** TASK DIRECTIONS **
From the entries below, output the line with "View of the" and each following line up to and including the line with "Alentejo, Portugal. View", exactly as written.

** DATASET EXCERPTS **
Segment Open
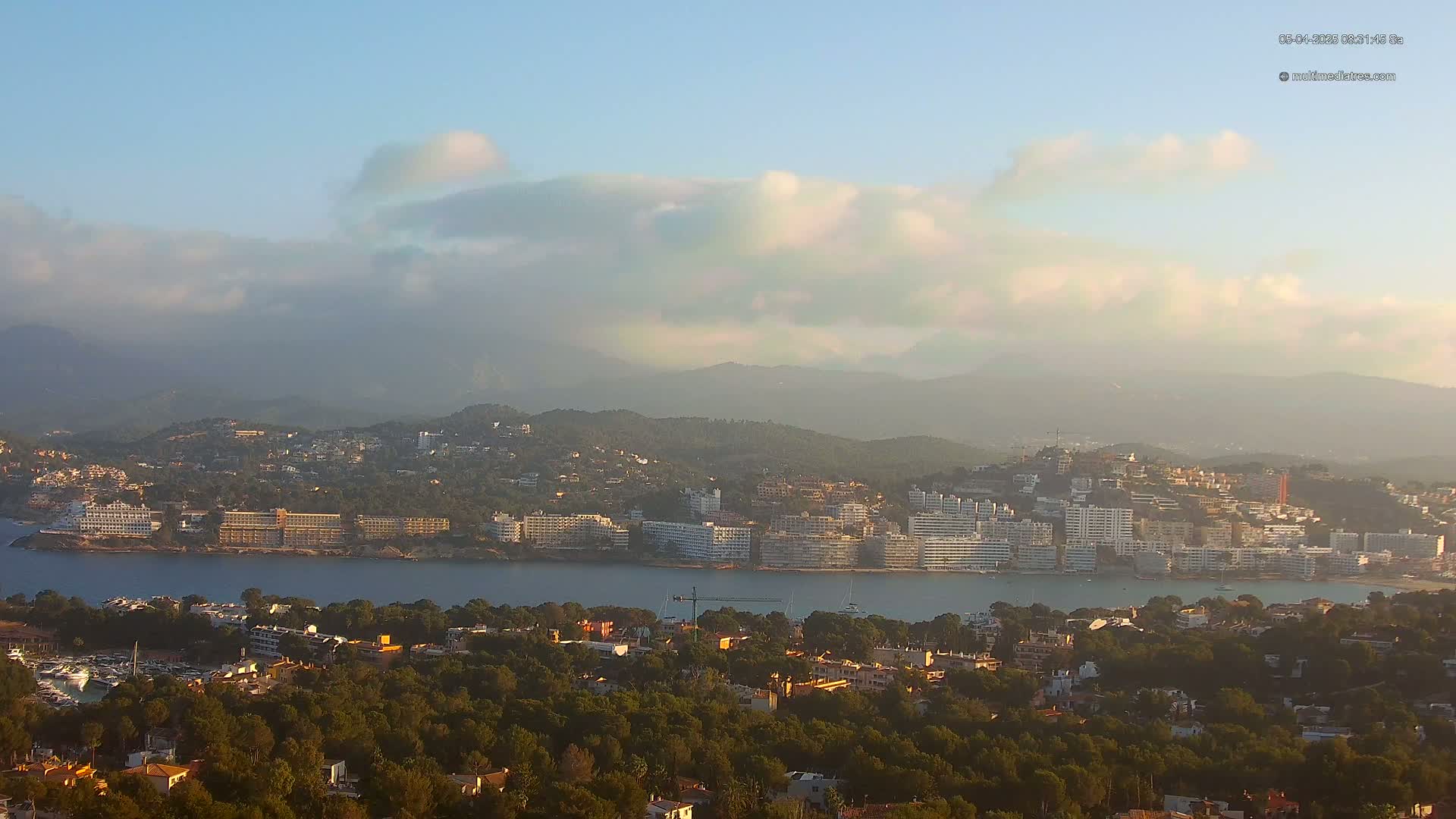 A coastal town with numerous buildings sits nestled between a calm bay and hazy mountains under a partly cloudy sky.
Segment Closed
Segment Open
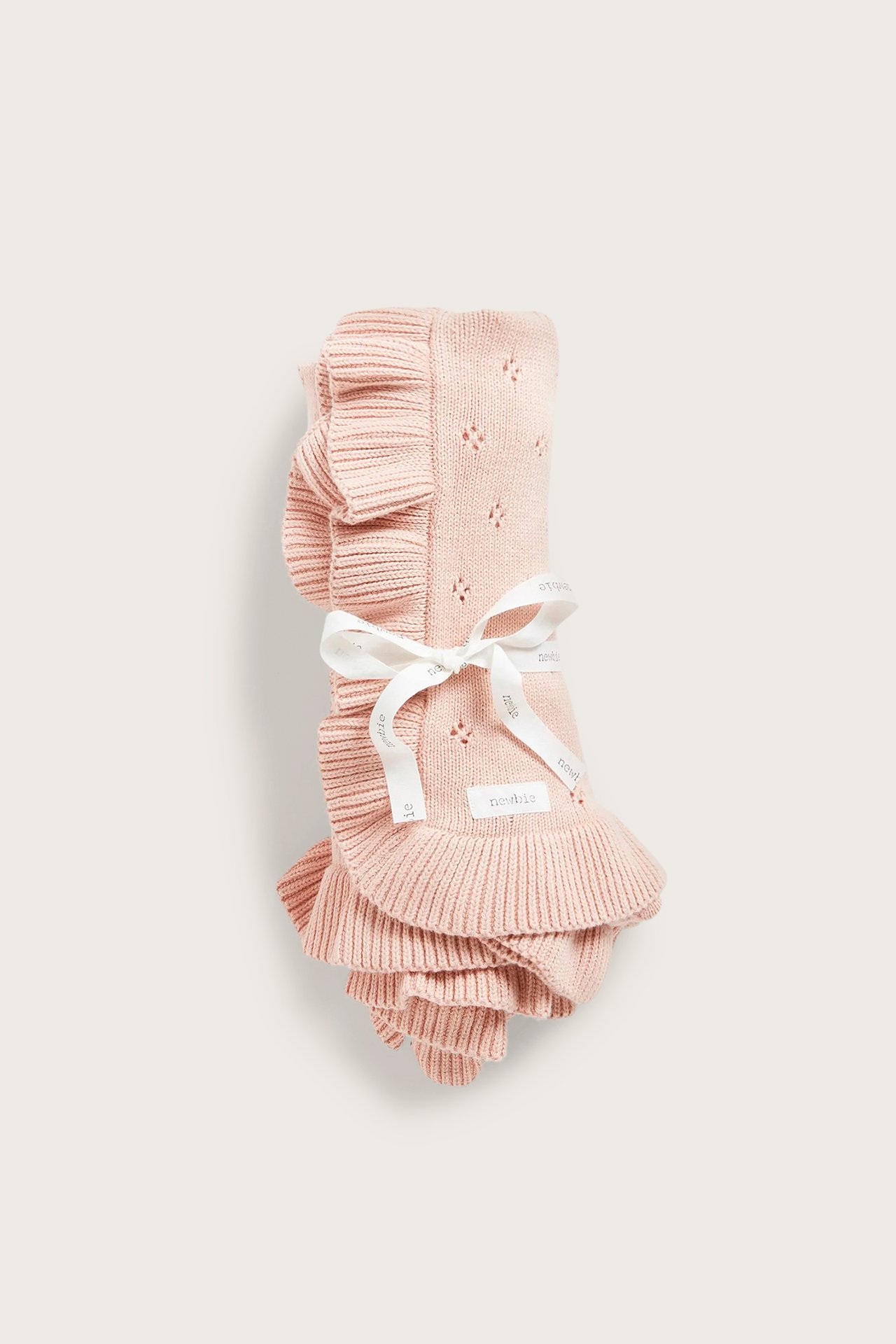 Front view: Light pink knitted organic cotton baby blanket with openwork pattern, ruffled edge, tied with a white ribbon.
Segment Closed
Segment Open
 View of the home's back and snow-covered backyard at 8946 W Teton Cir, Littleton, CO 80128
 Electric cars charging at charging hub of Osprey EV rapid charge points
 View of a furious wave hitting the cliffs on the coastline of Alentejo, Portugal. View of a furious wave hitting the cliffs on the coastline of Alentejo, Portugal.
Segment Closed
** THE COMPLETED TASK **
 View of the home's back and snow-covered backyard at 8946 W Teton Cir, Littleton, CO 80128
 Electric cars charging at charging hub of Osprey EV rapid charge points
 View of a furious wave hitting the cliffs on the coastline of Alentejo, Portugal. View of a furious wave hitting the cliffs on the coastline of Alentejo, Portugal.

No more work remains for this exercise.